To solve the system of equations by graphing, we will analyze both equations separately and then identify their point of intersection, which represents the solution to the system.
Step 1: Rearrange the equations
The given equations are:
- Equation 1: y = 3x + 1
- Equation 2: y = x + 7
Both equations are already in slope-intercept form (y = mx + b), where m is the slope and b is the y-intercept.
Step 2: Identify the y-intercepts
The y-intercept of an equation is the point at which the line crosses the y-axis (where x = 0).
- For y = 3x + 1, the y-intercept is (0, 1).
- For y = x + 7, the y-intercept is (0, 7).
Step 3: Determine additional points
It’s helpful to plot additional points for each equation:
- For y = 3x + 1, let’s find y when:
- x = 1: y = 3(1) + 1 = 4 → (1, 4)
- x = -1: y = 3(-1) + 1 = -2 → (-1, -2)
- For y = x + 7, let’s find y when:
- x = 1: y = 1 + 7 = 8 → (1, 8)
- x = -1: y = -1 + 7 = 6 → (-1, 6)
Step 4: Plotting the points
On a graph:
- Plot (0, 1) and (1, 4) for the first equation and mark the points.

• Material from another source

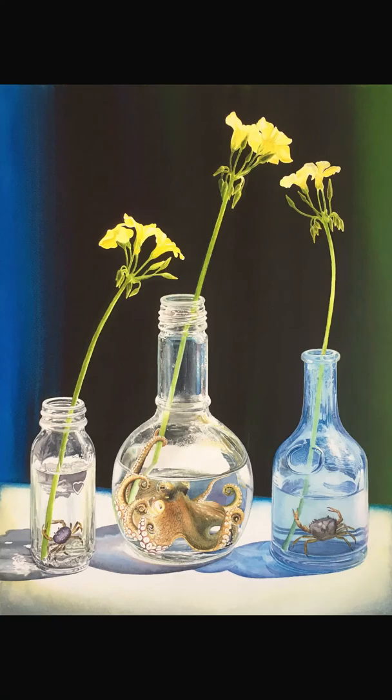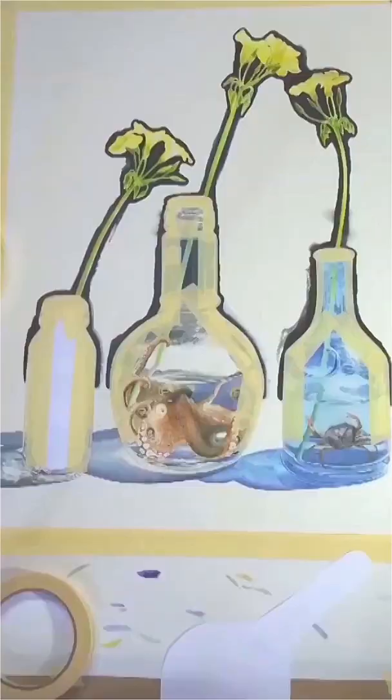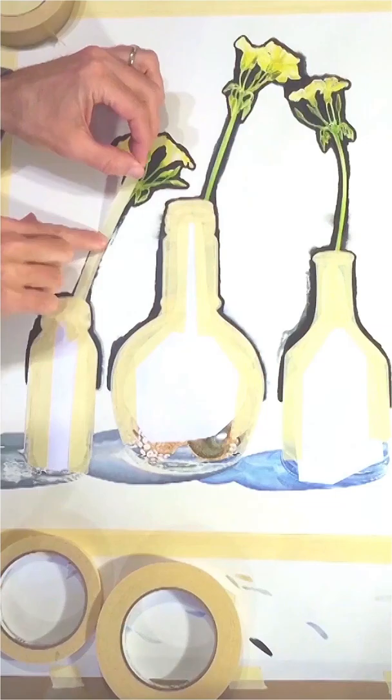If a watercolor needs a dark background, it's safer to paint the background last so the dark paint doesn't bleed into adjacent lighter areas. I usually outline the foreground objects with the background color and then mask everything with drafting tape and cardstock.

- Plot (0, 7) and (1, 8) for the second equation and mark those points.
Draw straight lines through the plotted points for each equation to visualize where they intersect.
Step 5: Finding the point of intersection
The point where the two lines cross is the solution to the system of equations. You can see from the graph that:
- Using a graphing tool, you will eventually find that the lines intersect at the point (2, 7).
Final Answer
Therefore, the solution to the system of equations y = 3x + 1 and y = x + 7 is (2, 7).